## EXERCISE
Give the lines again exactly as they appear below, from the line with "Snapshot of Amy_channel" to the line with "5280 5th St", both included, and only those lines. Leave every picture out.

## INPUT RECORDS

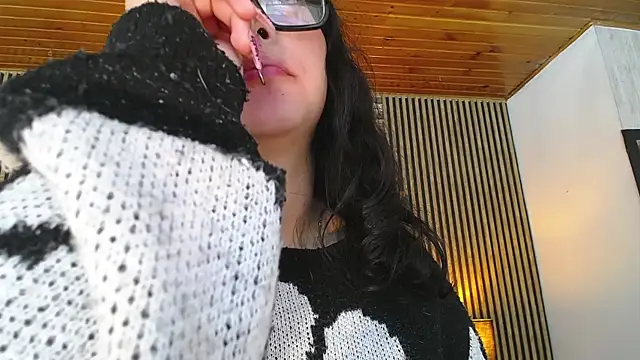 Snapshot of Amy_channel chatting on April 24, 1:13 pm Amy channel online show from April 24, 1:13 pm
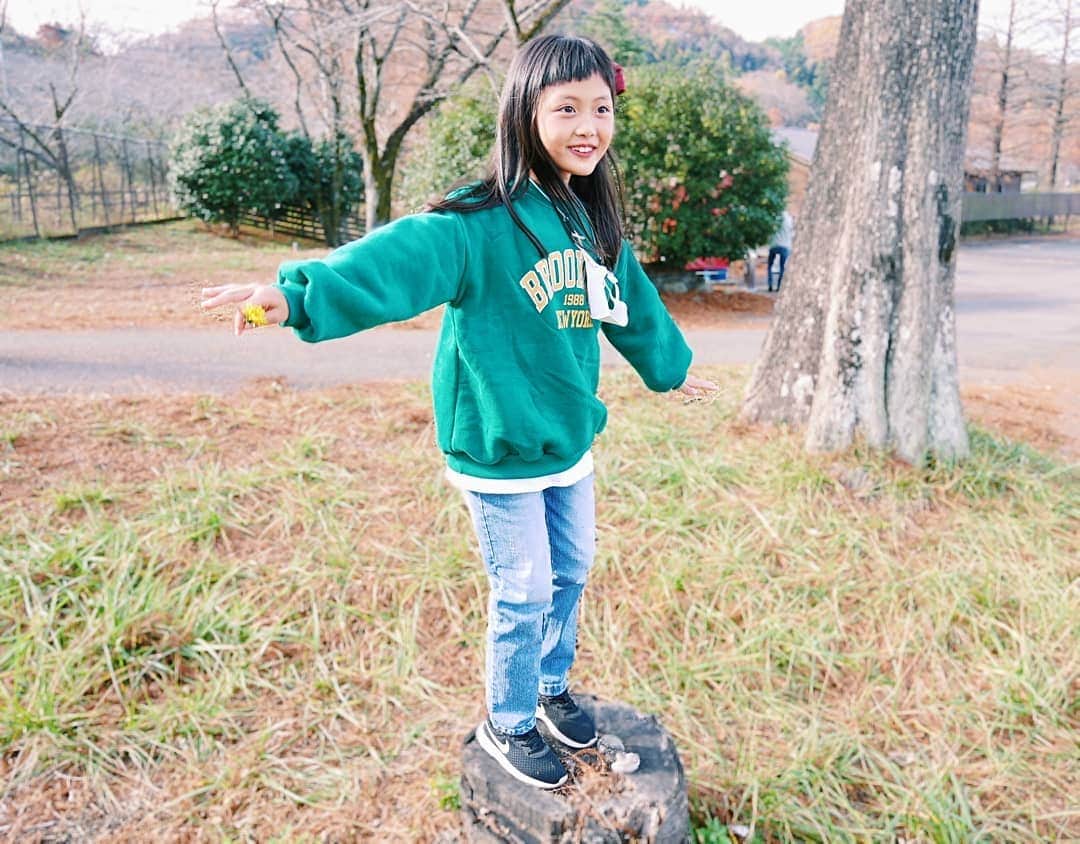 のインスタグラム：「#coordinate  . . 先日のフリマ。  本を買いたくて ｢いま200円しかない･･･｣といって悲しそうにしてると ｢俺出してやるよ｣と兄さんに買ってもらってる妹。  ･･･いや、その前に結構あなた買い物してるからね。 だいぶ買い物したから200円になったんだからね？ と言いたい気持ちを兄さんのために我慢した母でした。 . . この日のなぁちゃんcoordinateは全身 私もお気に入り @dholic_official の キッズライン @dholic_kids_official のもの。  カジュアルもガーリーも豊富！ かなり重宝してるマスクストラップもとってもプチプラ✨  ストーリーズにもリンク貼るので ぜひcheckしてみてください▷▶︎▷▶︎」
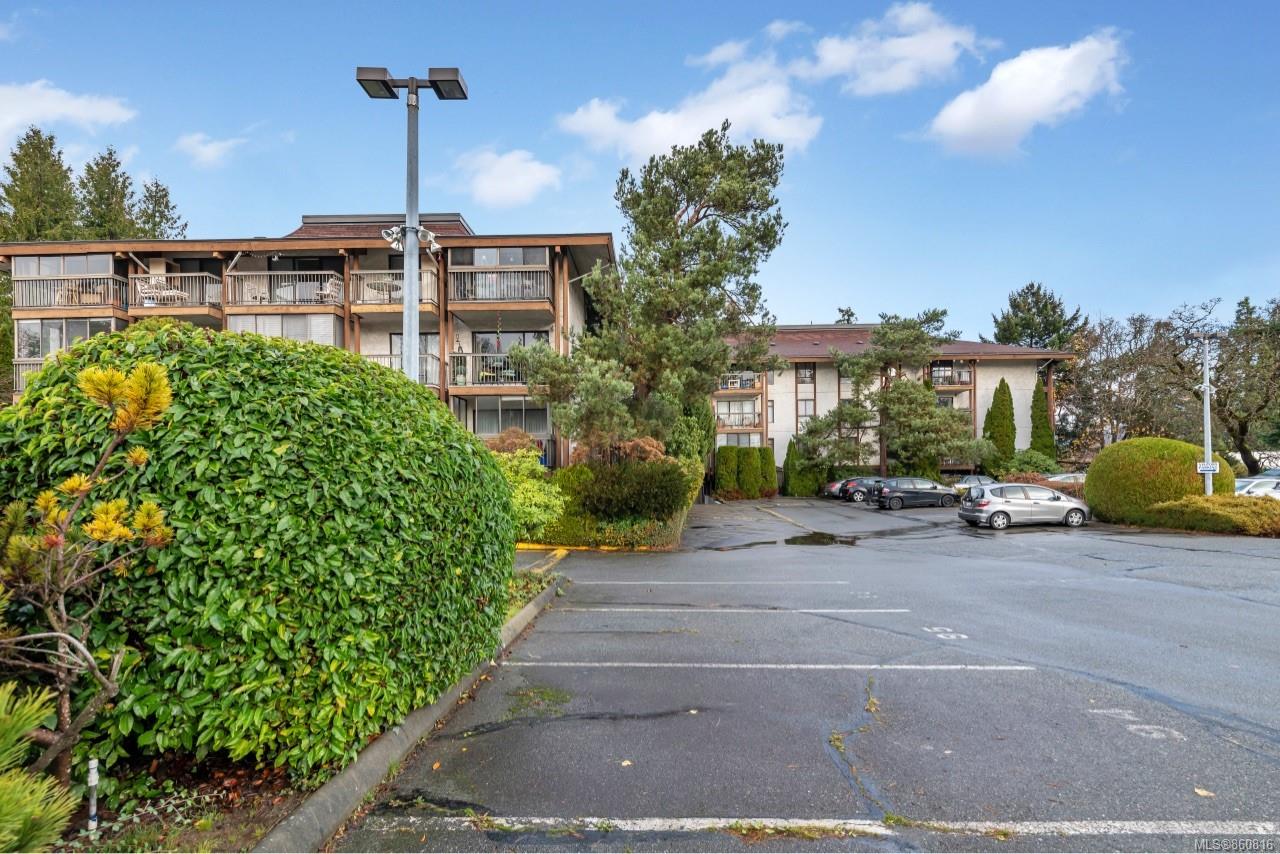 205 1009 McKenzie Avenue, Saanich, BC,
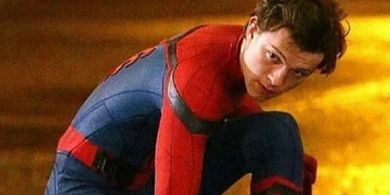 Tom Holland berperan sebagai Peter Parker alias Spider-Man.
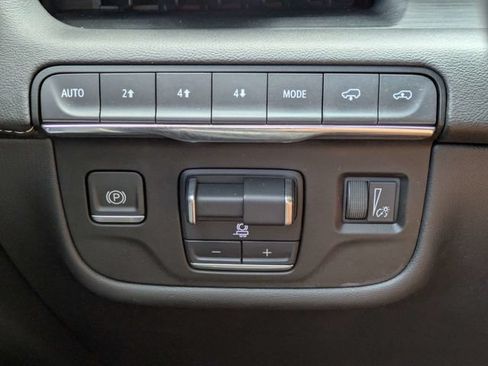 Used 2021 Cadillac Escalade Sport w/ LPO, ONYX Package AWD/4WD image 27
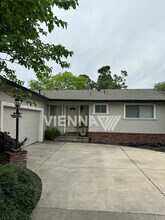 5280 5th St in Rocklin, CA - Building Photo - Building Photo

--

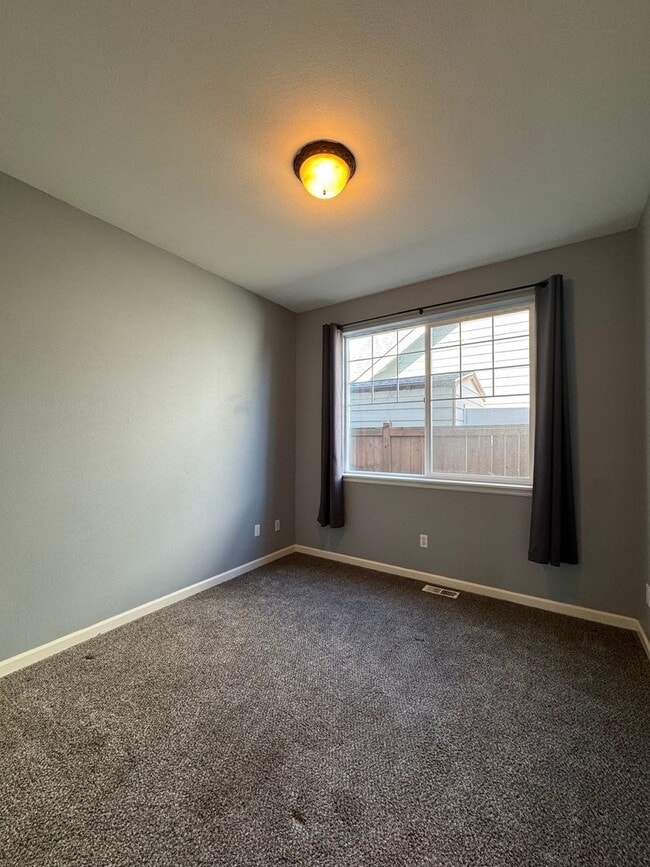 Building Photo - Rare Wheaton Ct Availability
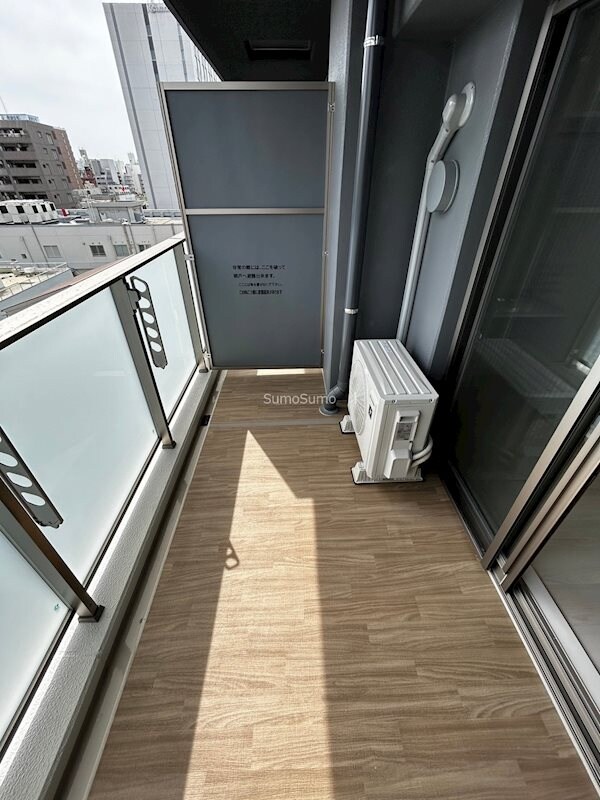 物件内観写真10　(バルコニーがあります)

==

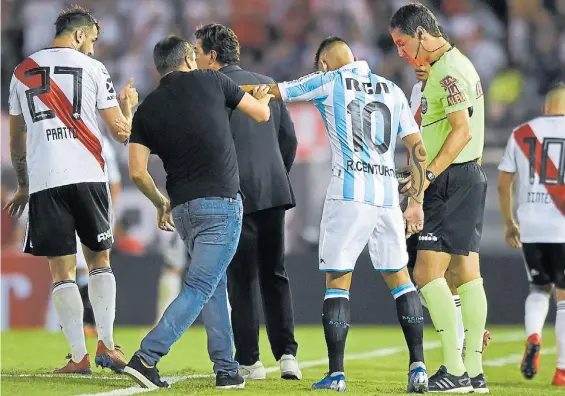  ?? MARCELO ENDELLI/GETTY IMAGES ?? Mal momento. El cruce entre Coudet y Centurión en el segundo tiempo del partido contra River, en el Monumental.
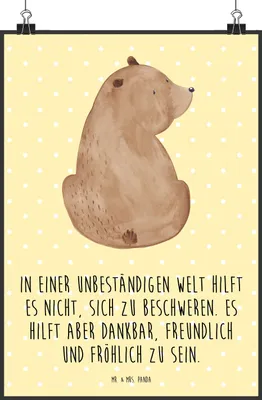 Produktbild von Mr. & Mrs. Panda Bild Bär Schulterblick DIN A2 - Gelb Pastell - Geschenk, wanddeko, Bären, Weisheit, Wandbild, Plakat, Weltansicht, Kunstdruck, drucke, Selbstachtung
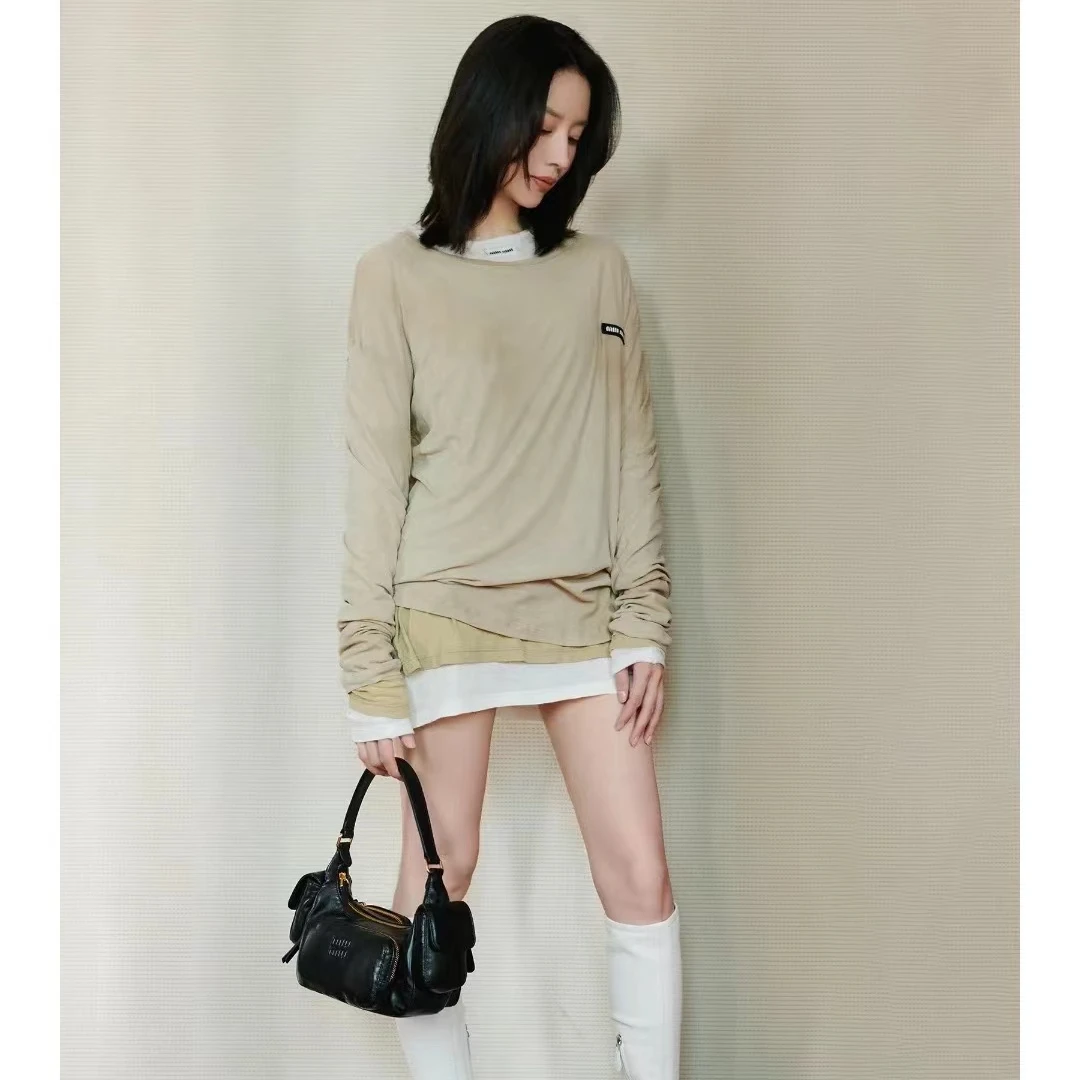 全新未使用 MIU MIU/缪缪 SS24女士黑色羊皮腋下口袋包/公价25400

## ANSWER SECTION
 Snapshot of Amy_channel chatting on April 24, 1:13 pm Amy channel online show from April 24, 1:13 pm
 のインスタグラム：「#coordinate  . . 先日のフリマ。  本を買いたくて ｢いま200円しかない･･･｣といって悲しそうにしてると ｢俺出してやるよ｣と兄さんに買ってもらってる妹。  ･･･いや、その前に結構あなた買い物してるからね。 だいぶ買い物したから200円になったんだからね？ と言いたい気持ちを兄さんのために我慢した母でした。 . . この日のなぁちゃんcoordinateは全身 私もお気に入り @dholic_official の キッズライン @dholic_kids_official のもの。  カジュアルもガーリーも豊富！ かなり重宝してるマスクストラップもとってもプチプラ✨  ストーリーズにもリンク貼るので ぜひcheckしてみてください▷▶︎▷▶︎」
 205 1009 McKenzie Avenue, Saanich, BC,
 Tom Holland berperan sebagai Peter Parker alias Spider-Man.
 Used 2021 Cadillac Escalade Sport w/ LPO, ONYX Package AWD/4WD image 27
 5280 5th St in Rocklin, CA - Building Photo - Building Photo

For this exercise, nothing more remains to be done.